In contrast, Ferdinand declares: “the strong’st suggestion / Our worser genius can, shall never melt / Mine honor into lust” (Shakespeare, 63). His will being tempered by active engagement in the world of vice and temptation, he has become accustomed to the possibility of honor turning into lust, in the need for active struggle against one’s “worser genius.” In this way, one can imagine Ferdinand as being more actually equipped to maintain his commitment to Miranda through his education of experience.

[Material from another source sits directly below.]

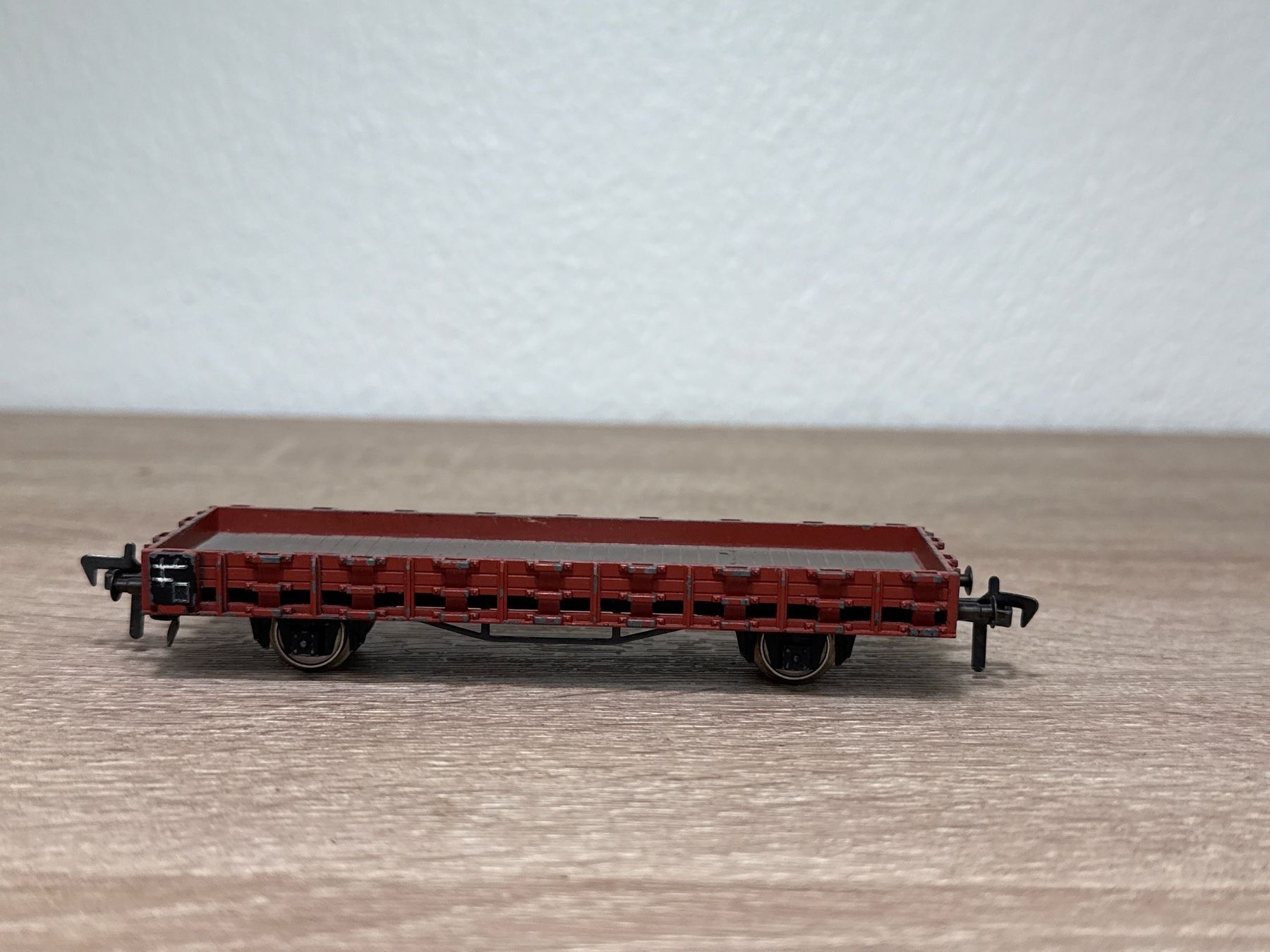Fleischmann Modellini di ferrovie: Fleischmann Güterwagen H0 (282) – Usato da St-Aubin-Sauges venduto da Lo_Go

In summary: Sexist conceptions of virtue in Shakespeare’s time defined purity as the highest moral good for women. This attitudes leads to the confinement of women (ie. Miranda on her isolated island) to prevent them from being “led astray” in the real world. What Shakespeare and Montaigne recognize, however, is that this fear of moral impurity prevents the possibility of true virtue as the chosen and active life that strives to be good while surrounded by and engaging with the vices. Akin to a muscle that is developed by repeated activity and engagement, hiding from possible injury only means not training and strengthening said muscle. It is that brave new world we should all be supported in engaging with, despite its many risks. Only there will we find and form our best selves.
- Aristotle. Nicomachean Ethics, translated by W. D. Ross, 1924. http://classics.mit.edu/Aristotle/nicomachaen.html
- Coleridge, Samuel Taylor. “Lecture IX,” In The Lectures of 1811-1812, The Tempest, edited by Robert Longbaum, pp. 106-119. Signet Classics, 1998.
- Kirsch, Arthur. “Virtue, Vice, and Compassion in Montaigne and The Tempest.” Studies in English Literature, 1500-1900, vol. 37, no. 2, [Rice University, Johns Hopkins University Press], 1997, pp. 337–52, https://doi.org/10.2307/450837.
- Longbaum, Robert. “Introduction.” The Tempest by William Shakespeare, Signet Classics, 1998, pp. lxiii-lxxvii.
- de Montaigne, Michel. “On Cruelty” or “Of Cruelty.” The Complete Essays of Montaigne, translated by Donald M. Frame, Stanford University Press, 1943.
- Shakespeare, William. The Tempest, edited by Robert Longbaum, Signet Classics, 1998.